MIDLAND CITY, Ala. (AP) — An Alabama family celebrated the rescue of a 5-year-old held hostage for a week in an underground bunker as authorities painstakingly checked for bombs on the abductor's property Tuesday, a day after a police raid left the man dead.
The FBI and other law enforcement officials left plenty of questions open about how they made the call to rush in and what happened inside the closet-sized hideout on the rural property, where the boy had been held by Jimmy Lee Dykes. But relatives said there was no question about the relief they feel.
"If I could, I would do cartwheels all the way down the road," the boy's great-aunt, Debra Cook, told ABC's Good Morning America on Tuesday — a day before the boy's 6th birthday. "We'd all been walking around in a fog."
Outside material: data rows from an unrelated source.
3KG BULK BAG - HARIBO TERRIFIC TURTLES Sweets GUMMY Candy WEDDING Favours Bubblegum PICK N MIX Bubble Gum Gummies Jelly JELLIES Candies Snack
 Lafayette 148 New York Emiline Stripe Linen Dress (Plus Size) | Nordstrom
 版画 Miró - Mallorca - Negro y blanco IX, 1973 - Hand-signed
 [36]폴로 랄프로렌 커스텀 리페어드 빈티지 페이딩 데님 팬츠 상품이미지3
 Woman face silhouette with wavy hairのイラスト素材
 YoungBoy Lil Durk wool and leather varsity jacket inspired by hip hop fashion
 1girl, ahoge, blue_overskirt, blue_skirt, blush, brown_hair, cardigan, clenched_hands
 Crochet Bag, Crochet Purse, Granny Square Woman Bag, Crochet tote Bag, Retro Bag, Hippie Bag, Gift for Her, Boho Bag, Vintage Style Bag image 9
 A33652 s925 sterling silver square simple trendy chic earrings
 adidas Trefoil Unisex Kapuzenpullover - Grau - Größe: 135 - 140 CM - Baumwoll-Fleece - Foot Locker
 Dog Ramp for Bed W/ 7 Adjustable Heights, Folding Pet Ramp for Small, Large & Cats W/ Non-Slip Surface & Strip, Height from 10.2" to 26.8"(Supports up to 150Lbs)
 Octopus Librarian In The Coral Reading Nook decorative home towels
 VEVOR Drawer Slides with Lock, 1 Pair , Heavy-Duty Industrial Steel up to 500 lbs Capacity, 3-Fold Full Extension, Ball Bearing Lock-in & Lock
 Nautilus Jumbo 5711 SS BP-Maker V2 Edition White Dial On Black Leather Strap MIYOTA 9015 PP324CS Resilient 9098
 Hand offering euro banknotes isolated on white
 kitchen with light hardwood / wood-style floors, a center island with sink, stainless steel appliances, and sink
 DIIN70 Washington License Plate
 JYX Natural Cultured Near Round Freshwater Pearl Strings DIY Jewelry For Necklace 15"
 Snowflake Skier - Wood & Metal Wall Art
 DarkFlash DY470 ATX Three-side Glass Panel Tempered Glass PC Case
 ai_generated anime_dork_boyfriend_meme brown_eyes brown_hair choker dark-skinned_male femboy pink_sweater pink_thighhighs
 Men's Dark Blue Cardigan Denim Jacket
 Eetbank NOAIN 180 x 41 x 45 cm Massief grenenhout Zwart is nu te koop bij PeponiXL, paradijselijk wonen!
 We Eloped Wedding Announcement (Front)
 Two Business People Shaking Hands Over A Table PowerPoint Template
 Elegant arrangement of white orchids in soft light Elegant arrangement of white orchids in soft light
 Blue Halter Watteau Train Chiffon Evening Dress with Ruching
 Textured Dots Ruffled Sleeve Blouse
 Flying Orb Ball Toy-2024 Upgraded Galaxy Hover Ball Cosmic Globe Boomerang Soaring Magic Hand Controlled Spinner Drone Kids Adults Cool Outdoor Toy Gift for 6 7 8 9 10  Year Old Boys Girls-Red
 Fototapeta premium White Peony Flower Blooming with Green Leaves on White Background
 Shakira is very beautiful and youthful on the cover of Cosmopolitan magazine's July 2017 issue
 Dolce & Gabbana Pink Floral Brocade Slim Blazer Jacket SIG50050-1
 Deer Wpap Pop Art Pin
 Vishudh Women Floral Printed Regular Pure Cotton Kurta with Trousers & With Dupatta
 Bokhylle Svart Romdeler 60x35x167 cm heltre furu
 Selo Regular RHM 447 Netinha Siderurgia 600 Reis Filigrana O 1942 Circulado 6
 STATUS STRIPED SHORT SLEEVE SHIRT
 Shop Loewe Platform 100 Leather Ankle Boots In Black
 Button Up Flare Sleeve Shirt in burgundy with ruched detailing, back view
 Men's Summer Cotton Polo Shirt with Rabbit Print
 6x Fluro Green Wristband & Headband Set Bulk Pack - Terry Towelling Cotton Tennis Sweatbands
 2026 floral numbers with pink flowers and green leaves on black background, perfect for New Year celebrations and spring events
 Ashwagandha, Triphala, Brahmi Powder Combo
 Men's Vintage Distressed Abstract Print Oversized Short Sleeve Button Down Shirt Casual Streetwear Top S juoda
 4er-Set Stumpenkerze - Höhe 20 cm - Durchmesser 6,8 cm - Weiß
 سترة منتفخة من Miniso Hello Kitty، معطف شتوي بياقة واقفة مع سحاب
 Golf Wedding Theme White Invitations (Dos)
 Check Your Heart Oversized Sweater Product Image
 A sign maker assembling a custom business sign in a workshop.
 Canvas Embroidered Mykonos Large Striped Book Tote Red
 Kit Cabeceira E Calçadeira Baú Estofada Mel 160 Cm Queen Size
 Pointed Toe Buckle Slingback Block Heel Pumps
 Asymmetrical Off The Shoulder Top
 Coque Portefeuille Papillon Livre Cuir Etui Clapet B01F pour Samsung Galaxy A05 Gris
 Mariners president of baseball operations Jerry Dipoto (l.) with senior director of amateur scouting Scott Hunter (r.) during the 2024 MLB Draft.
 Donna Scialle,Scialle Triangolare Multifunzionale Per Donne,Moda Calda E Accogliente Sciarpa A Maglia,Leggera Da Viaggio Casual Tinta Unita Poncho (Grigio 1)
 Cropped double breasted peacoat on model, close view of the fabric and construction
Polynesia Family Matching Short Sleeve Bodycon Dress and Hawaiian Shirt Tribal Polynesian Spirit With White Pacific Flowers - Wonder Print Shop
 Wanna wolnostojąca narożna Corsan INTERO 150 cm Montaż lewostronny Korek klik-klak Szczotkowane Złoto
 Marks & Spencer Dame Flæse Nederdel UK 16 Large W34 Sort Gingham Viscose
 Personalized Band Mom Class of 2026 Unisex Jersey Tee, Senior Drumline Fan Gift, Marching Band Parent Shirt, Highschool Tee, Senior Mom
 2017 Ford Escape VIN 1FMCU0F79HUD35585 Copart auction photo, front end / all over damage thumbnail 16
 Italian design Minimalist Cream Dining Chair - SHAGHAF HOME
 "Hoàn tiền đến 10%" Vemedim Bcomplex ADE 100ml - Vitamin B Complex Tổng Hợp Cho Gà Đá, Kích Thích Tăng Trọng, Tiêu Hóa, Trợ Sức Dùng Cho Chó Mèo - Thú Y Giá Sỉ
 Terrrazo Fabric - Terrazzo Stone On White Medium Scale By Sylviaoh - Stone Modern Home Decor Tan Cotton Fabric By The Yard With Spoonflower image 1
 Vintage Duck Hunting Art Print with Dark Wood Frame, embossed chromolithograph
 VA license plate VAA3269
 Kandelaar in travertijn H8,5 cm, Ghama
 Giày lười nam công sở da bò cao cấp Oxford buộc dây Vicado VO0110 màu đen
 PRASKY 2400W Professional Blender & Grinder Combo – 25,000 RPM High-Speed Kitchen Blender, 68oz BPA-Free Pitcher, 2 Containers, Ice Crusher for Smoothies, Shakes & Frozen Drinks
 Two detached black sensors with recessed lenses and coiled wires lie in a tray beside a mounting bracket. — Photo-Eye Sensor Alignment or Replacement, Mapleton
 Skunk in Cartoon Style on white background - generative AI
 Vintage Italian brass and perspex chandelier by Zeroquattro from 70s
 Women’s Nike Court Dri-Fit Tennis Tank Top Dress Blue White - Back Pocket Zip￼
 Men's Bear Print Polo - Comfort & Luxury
She said the boy was happy and playing with his old toys, including a dinosaur. "He was having the biggest time," Cook said.
School officials said at a news conference Tuesday that they planned to have a party to celebrate the boy's birthday, which is Wednesday, though they had not yet set a date for the party. The celebration, likely at the high school football field, would also honor the memory of Charles Albert Poland Jr., the bus driver credited as a hero for his actions to keep nearly two dozen other children on the bus safe when Dykes boarded to abduct the boy.
Principal Phillip Parker said his colleagues were eagerly awaiting the boy's return, though he did not know when that would be.
"We'd love to have him back tomorrow," he said.
Parker stands at the entrance to the school every day as the children arrive, and described the boy as a friendly, energetic child who comes up, shakes his hand and then continues on into the school as if he's in a hurry.